*PROBLEM STATEMENT*:
Write out only the opening lines of the entries, through the line with "PKB Resmi Usung".

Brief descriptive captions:
=== Section Start ===
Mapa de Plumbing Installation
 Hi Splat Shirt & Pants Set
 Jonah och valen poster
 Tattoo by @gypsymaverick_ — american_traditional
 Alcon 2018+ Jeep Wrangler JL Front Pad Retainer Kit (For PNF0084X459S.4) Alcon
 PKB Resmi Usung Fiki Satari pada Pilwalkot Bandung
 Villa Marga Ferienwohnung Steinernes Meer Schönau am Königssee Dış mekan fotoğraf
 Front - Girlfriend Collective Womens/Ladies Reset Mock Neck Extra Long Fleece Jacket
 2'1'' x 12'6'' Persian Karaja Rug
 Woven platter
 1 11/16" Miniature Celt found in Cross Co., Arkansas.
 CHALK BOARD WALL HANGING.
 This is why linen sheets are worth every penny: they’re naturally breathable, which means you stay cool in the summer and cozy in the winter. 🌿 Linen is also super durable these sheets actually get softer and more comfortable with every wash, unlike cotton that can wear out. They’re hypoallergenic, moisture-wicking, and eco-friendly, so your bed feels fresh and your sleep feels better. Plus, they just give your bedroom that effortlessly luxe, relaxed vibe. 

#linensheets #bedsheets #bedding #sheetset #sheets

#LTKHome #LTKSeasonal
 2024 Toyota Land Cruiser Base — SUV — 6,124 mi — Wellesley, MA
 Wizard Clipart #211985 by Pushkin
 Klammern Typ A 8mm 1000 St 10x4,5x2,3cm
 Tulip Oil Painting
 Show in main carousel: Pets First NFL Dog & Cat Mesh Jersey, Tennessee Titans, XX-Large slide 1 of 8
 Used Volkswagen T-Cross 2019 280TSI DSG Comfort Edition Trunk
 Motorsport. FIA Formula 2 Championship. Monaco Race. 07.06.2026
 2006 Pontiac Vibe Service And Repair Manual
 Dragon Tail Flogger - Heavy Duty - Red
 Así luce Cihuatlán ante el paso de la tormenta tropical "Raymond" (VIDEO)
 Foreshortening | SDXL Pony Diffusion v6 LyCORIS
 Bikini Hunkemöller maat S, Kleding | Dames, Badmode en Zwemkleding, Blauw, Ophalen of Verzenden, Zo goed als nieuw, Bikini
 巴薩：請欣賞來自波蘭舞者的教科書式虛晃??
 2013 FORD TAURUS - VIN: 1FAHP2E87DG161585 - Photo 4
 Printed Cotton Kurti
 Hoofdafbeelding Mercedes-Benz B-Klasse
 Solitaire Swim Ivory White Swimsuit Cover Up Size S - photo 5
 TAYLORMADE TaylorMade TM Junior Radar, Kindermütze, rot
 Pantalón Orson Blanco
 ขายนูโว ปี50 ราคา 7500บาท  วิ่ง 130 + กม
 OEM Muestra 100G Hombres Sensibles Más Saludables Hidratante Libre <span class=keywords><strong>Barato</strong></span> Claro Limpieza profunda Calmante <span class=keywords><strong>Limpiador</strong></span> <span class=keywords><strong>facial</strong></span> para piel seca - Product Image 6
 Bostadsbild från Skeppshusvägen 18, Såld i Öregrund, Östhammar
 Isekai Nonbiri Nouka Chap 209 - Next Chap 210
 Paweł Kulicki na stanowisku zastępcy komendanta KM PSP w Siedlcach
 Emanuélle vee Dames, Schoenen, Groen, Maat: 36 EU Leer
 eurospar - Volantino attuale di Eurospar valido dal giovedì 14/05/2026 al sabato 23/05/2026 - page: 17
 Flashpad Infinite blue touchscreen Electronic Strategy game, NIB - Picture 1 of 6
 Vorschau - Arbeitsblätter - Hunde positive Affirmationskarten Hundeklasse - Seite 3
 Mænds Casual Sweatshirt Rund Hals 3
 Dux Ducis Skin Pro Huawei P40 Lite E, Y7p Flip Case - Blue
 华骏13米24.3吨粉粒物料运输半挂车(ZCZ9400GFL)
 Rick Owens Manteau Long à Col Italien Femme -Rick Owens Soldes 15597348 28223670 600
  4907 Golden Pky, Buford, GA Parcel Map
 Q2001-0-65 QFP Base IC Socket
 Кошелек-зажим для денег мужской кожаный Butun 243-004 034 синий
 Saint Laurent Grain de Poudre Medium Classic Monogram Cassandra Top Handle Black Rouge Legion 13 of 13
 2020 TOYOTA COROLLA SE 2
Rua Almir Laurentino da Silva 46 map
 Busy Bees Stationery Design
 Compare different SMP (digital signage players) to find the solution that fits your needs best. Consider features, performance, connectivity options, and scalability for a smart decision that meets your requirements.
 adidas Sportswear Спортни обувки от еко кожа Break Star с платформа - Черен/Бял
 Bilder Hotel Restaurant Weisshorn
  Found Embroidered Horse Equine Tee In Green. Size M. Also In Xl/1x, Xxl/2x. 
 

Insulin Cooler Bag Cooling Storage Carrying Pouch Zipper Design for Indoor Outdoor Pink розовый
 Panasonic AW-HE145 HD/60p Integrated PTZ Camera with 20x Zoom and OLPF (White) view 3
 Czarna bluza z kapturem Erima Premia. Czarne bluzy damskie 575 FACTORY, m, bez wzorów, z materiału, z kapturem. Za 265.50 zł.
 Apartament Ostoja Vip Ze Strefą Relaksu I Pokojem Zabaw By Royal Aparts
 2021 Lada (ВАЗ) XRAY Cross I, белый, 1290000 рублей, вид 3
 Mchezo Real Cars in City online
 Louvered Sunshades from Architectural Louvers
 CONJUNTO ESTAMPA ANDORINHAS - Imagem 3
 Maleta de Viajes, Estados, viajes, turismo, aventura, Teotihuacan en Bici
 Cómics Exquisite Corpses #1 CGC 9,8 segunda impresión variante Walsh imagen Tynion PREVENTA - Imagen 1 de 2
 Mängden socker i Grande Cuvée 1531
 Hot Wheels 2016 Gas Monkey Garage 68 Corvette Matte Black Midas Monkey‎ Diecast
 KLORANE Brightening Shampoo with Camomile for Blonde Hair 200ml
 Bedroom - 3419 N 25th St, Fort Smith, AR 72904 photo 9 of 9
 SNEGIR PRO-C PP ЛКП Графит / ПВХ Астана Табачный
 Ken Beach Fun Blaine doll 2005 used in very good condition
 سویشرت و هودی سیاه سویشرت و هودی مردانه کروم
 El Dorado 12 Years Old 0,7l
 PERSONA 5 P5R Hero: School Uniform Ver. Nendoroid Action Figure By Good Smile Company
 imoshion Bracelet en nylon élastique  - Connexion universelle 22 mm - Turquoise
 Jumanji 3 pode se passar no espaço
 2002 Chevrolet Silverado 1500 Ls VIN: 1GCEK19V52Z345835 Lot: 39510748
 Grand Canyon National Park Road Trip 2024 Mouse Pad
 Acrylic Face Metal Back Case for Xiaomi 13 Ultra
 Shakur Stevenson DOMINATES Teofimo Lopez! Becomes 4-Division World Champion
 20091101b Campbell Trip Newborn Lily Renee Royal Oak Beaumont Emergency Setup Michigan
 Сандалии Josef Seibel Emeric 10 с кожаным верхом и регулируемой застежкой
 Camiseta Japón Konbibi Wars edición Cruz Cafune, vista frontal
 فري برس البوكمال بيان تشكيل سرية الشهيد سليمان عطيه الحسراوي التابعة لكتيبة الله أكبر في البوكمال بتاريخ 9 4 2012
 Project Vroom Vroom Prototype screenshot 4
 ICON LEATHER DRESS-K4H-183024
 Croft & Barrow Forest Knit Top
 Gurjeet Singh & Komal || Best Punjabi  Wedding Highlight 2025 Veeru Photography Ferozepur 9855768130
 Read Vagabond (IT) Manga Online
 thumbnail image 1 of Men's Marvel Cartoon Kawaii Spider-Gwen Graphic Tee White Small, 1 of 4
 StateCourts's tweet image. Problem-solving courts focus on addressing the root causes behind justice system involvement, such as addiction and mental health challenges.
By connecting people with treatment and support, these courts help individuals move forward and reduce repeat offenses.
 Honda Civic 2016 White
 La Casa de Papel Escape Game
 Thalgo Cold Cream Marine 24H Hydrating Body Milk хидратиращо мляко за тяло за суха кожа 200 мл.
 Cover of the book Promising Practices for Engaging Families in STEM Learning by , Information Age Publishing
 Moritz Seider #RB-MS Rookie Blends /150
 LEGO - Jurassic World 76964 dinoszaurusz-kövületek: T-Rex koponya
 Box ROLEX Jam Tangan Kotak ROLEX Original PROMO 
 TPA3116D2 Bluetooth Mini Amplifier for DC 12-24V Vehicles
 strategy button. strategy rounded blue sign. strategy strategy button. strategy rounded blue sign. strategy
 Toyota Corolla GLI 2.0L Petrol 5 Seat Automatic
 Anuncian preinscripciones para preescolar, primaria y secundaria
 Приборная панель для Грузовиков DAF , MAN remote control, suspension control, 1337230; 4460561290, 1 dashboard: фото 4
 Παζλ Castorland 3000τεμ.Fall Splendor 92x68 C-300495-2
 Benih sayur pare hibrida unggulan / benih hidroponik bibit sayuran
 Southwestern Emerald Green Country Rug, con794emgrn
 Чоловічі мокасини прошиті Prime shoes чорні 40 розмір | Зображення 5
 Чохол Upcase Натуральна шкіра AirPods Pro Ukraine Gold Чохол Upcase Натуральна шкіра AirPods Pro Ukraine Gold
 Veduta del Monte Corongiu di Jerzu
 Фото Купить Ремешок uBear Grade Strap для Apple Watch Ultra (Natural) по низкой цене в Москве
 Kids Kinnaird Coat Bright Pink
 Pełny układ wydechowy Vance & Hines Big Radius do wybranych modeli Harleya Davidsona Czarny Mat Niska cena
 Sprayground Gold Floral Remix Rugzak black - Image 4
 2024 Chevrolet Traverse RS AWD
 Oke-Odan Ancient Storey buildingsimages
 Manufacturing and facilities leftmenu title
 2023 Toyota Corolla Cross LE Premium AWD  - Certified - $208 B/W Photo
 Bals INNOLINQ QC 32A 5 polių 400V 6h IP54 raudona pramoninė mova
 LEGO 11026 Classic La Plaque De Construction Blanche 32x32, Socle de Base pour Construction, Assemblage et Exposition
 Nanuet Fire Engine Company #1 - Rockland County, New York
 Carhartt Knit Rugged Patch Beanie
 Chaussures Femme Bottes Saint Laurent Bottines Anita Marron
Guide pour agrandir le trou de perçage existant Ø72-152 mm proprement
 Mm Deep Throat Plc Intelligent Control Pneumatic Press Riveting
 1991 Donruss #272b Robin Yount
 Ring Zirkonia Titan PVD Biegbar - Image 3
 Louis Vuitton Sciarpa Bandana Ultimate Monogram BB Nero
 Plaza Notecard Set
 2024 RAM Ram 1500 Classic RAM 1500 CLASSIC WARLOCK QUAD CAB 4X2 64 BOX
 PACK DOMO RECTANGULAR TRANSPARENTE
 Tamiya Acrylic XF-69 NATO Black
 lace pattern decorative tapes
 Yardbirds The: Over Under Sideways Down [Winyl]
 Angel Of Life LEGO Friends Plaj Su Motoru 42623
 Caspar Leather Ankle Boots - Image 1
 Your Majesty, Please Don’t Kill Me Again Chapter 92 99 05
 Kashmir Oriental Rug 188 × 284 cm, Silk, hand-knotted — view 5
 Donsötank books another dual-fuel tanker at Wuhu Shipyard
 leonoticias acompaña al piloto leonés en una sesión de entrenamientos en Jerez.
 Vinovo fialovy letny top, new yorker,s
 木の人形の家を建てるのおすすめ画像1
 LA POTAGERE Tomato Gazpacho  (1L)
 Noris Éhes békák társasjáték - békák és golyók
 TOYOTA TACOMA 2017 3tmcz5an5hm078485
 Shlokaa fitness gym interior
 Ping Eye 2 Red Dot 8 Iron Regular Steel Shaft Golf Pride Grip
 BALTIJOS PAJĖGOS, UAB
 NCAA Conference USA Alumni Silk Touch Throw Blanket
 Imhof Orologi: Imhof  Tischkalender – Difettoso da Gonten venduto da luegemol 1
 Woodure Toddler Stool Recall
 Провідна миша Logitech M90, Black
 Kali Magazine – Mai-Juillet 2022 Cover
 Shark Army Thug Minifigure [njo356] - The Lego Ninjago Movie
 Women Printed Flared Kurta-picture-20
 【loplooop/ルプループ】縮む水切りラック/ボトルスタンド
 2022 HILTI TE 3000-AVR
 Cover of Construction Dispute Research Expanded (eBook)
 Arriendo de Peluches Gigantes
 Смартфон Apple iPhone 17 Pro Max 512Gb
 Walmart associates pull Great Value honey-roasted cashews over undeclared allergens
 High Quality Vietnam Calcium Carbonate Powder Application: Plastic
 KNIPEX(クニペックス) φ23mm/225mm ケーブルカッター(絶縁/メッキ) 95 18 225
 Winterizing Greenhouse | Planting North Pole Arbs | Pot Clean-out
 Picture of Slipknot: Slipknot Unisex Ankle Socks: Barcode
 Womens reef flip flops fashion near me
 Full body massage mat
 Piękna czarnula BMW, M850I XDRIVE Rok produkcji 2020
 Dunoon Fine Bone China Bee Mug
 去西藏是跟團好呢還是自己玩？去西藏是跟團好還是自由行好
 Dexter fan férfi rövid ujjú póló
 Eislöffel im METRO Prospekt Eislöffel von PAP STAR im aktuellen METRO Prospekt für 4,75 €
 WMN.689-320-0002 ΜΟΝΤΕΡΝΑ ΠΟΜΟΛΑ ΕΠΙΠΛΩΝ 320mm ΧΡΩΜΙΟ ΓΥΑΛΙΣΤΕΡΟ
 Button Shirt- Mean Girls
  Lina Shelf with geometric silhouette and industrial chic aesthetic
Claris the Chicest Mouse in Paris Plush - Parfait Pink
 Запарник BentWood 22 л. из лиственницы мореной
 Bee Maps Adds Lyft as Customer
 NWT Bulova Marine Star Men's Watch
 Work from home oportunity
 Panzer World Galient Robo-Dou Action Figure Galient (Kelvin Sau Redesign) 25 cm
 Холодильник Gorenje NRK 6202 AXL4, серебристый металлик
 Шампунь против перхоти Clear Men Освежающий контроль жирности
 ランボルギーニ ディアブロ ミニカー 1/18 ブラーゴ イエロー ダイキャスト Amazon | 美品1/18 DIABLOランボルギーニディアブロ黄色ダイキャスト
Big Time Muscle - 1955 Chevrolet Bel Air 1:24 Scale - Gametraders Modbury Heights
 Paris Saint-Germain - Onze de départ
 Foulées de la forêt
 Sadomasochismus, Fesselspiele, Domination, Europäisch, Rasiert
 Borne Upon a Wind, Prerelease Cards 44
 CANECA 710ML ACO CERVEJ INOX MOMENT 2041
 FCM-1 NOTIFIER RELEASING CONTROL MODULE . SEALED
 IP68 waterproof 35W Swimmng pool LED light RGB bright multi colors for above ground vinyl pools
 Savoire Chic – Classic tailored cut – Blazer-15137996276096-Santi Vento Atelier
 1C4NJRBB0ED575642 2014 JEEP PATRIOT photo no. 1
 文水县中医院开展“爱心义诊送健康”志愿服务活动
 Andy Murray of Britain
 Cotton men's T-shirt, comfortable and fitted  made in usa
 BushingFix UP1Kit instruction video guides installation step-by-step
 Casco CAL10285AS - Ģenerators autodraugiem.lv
=== Section End ===
*ANSWER FOR THIS EXERCISE*:
Mapa de Plumbing Installation
 Hi Splat Shirt & Pants Set
 Jonah och valen poster
 Tattoo by @gypsymaverick_ — american_traditional
 Alcon 2018+ Jeep Wrangler JL Front Pad Retainer Kit (For PNF0084X459S.4) Alcon
 PKB Resmi Usung Fiki Satari pada Pilwalkot Bandung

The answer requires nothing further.